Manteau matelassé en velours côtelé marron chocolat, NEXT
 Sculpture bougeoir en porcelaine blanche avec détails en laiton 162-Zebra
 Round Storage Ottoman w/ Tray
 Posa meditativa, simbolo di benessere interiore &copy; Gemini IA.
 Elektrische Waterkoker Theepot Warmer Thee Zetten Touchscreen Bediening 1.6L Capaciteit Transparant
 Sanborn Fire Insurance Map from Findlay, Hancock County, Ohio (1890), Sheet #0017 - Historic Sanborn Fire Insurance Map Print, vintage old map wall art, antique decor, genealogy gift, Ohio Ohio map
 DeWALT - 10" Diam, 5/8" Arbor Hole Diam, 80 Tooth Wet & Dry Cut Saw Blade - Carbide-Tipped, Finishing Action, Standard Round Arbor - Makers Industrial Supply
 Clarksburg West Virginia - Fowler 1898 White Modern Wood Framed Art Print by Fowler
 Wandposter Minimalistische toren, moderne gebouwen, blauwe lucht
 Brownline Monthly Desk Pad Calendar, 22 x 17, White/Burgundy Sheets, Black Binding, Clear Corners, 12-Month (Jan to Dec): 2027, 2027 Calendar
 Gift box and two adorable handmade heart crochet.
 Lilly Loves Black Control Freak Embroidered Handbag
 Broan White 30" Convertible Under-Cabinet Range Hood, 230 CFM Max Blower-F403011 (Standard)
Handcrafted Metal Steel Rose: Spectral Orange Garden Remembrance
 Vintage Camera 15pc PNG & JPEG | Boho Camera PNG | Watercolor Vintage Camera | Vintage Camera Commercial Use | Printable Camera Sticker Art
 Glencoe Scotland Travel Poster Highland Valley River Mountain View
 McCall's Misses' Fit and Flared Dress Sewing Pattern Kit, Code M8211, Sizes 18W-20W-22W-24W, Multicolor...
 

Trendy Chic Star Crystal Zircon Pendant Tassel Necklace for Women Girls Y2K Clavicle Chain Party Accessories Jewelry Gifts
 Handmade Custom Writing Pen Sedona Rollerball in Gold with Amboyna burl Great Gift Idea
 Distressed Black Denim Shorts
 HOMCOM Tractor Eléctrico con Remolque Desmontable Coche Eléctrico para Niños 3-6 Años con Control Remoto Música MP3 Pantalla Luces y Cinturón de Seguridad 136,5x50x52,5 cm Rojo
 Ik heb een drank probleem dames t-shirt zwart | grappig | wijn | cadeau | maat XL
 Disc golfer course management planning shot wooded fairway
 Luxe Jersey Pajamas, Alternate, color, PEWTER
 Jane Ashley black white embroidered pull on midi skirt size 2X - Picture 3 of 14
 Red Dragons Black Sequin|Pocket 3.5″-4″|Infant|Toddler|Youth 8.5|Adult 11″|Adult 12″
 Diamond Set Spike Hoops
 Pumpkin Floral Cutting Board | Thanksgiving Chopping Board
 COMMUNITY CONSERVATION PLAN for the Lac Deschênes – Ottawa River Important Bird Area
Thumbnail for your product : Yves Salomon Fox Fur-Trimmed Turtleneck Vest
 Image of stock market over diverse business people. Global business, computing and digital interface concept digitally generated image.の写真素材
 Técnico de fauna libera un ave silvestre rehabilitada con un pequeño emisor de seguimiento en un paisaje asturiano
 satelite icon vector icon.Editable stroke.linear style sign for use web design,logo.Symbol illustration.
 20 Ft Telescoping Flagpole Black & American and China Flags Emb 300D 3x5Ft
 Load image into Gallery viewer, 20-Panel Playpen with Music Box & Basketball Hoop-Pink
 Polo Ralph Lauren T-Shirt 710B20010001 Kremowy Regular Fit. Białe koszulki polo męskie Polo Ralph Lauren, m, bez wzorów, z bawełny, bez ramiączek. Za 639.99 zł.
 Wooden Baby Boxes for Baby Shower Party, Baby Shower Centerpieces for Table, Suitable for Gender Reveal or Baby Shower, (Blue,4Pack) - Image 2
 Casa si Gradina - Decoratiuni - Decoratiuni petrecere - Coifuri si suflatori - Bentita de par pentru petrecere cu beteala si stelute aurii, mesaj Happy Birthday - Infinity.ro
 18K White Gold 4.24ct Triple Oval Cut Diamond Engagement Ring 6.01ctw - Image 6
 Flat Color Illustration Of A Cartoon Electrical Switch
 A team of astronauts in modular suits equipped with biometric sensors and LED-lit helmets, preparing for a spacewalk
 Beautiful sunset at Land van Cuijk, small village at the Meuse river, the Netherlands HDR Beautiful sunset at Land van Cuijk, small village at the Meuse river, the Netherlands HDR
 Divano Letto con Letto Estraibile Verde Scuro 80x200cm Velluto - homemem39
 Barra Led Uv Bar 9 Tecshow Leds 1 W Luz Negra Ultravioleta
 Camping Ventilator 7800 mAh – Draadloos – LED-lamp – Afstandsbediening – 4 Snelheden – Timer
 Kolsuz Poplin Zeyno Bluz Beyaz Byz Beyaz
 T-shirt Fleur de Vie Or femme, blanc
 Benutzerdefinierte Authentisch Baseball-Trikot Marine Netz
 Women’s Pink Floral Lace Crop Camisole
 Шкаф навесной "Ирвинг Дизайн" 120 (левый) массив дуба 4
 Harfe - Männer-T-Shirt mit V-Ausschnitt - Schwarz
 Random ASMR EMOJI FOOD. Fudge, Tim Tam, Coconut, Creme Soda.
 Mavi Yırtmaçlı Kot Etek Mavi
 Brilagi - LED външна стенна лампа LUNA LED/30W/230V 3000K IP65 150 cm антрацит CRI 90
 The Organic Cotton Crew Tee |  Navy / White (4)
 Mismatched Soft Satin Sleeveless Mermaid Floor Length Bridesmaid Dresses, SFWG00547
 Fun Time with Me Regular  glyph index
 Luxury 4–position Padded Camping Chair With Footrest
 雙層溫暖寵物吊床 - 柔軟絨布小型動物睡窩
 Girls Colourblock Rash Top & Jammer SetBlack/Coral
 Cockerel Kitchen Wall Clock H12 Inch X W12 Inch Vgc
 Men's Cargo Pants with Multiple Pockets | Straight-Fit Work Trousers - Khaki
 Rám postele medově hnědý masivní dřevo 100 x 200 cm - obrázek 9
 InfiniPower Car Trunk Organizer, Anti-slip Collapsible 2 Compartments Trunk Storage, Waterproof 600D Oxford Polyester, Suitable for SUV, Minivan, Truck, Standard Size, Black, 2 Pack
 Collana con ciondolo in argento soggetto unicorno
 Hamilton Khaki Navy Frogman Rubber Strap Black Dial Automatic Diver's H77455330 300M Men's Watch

•••

Write out exactly the lines from the start of the material through the line with "Gift box and". No other output is expected.

ANSWER TO THIS TASK
Manteau matelassé en velours côtelé marron chocolat, NEXT
 Sculpture bougeoir en porcelaine blanche avec détails en laiton 162-Zebra
 Round Storage Ottoman w/ Tray
 Posa meditativa, simbolo di benessere interiore &copy; Gemini IA.
 Elektrische Waterkoker Theepot Warmer Thee Zetten Touchscreen Bediening 1.6L Capaciteit Transparant
 Sanborn Fire Insurance Map from Findlay, Hancock County, Ohio (1890), Sheet #0017 - Historic Sanborn Fire Insurance Map Print, vintage old map wall art, antique decor, genealogy gift, Ohio Ohio map
 DeWALT - 10" Diam, 5/8" Arbor Hole Diam, 80 Tooth Wet & Dry Cut Saw Blade - Carbide-Tipped, Finishing Action, Standard Round Arbor - Makers Industrial Supply
 Clarksburg West Virginia - Fowler 1898 White Modern Wood Framed Art Print by Fowler
 Wandposter Minimalistische toren, moderne gebouwen, blauwe lucht
 Brownline Monthly Desk Pad Calendar, 22 x 17, White/Burgundy Sheets, Black Binding, Clear Corners, 12-Month (Jan to Dec): 2027, 2027 Calendar
 Gift box and two adorable handmade heart crochet.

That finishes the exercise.